**BRIEF:** Your answer is the listing, printed exactly as given.

**GIVEN MATERIAL:**
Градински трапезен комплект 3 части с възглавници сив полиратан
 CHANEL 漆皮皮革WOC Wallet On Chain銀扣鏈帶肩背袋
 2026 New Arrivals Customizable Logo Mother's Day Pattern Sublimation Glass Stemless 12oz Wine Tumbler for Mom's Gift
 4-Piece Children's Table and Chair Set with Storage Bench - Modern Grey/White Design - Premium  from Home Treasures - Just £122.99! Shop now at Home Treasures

**ANSWER TO THE PROBLEM:**
Градински трапезен комплект 3 части с възглавници сив полиратан
 CHANEL 漆皮皮革WOC Wallet On Chain銀扣鏈帶肩背袋
 2026 New Arrivals Customizable Logo Mother's Day Pattern Sublimation Glass Stemless 12oz Wine Tumbler for Mom's Gift
 4-Piece Children's Table and Chair Set with Storage Bench - Modern Grey/White Design - Premium  from Home Treasures - Just £122.99! Shop now at Home Treasures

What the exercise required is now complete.